Megan Rapinoe & Elizabeth Warren
The two-time World Cup champion chatted on the phone with Warren early in the Democratic primary season. Rapinoe greeted the senator as "Elizabeth" and then quickly corrected herself saying, "Oh my gosh, I can't even call you by your first name, that's so inappropriate" — but Warren seemed to enjoy it, quipping "No it's not inappropriate! It's exactly right!" in response. The two discussed Warren's presidential platform as well as Rapinoe's leadership as a captain of the U.S. Women's National Team. "You both lead your team on the field, but you also help lead America off the field," Warren said.

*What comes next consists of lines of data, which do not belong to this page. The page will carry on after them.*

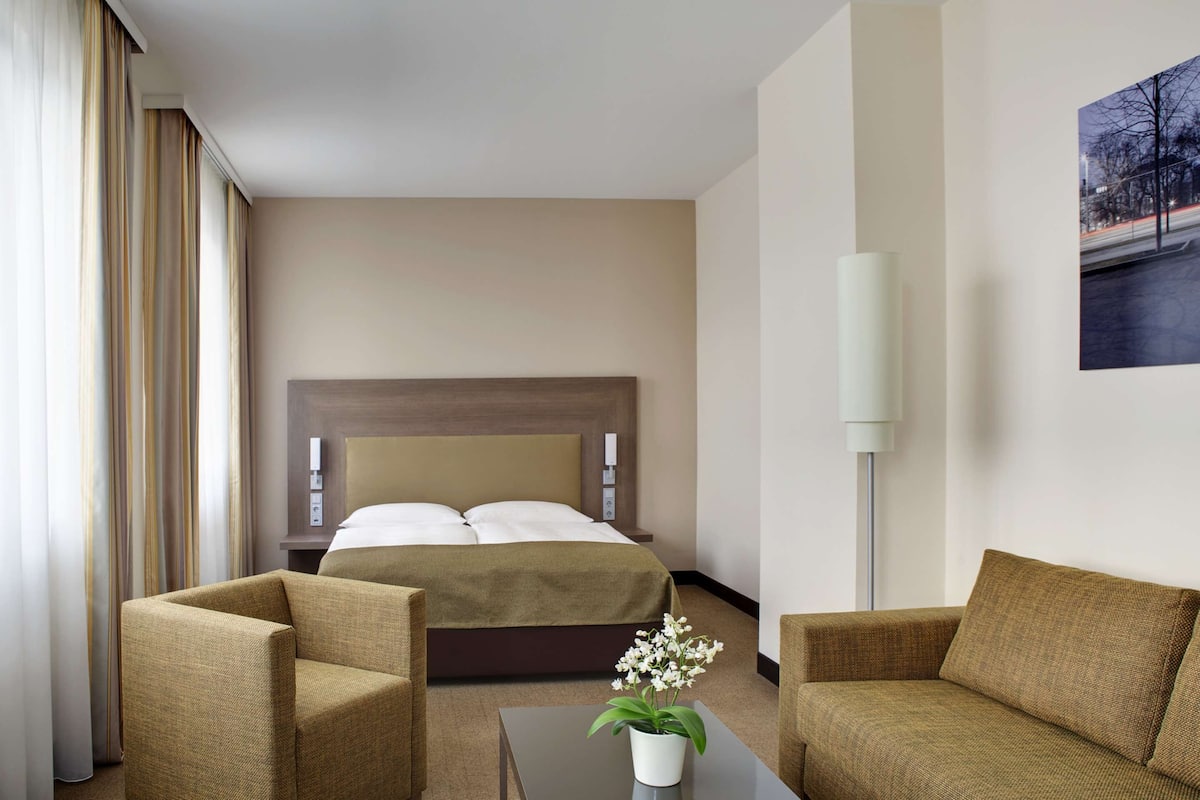 Une chambre d’hôtel avec un lit, deux fauteuils, une table basse avec une plante, une lampe et un tableau au mur.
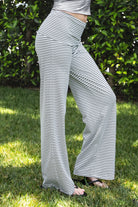 Woman wearing SAYLOR stripe stretch fold over wide leg pants featuring a fold over waistband, mid rise fit, wide leg relaxed silhouette, stripe jersey fabric, and lightweight stretch construction for soft comfortable lounge and casual styling.
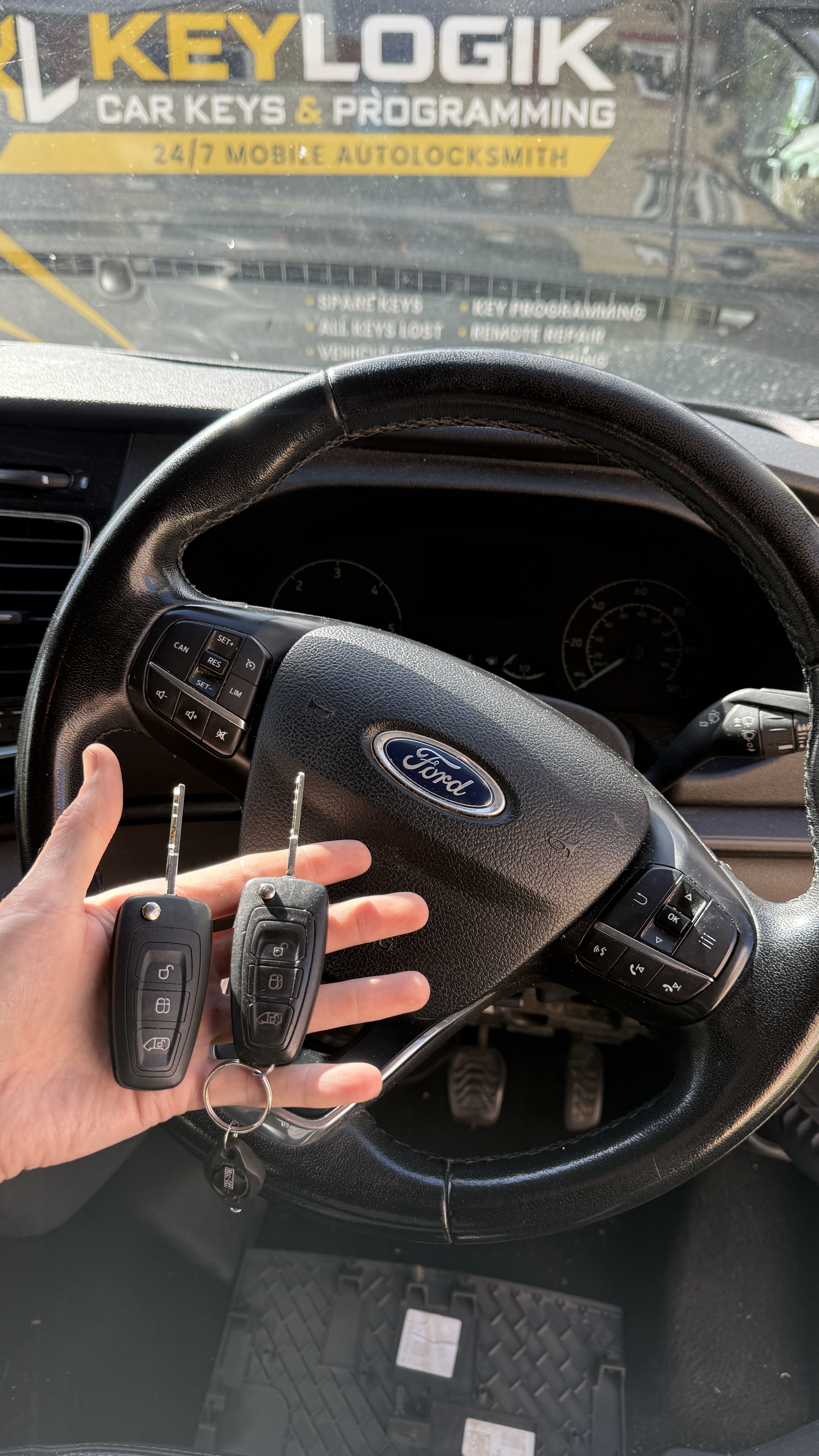Two Ford keys held at the steering wheel with KeyLogik mobile auto locksmith signage visible through the windscreen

Jack White & Bernie Sanders
The White Stripes namesake performed in Detroit in October 2019, telling the audience that Sanders was the real deal. "Bernie Sanders is telling the truth, and I really do trust him," White said. White has not gotten involved in previous presidential races or made public endorsements, but decided to support Sanders, saying it was primarily because Sanders supported abolishing the Electoral College, which White said "I think is the reason we're in the mess right now."
He continued: "I have this silly notion that the more Americans that vote for somebody, that person should be president. Isn't that kind of funny?" White wasn't the only indie rocker to back Sanders, with The Strokes, Bon Iver, and Vampire Weekend all playing shows in support of the Vermont senator during the primary season. Rapper Killer Mike, one half of the duo Run the Jewels, also famously supported Sanders in 2016 as well as 2020.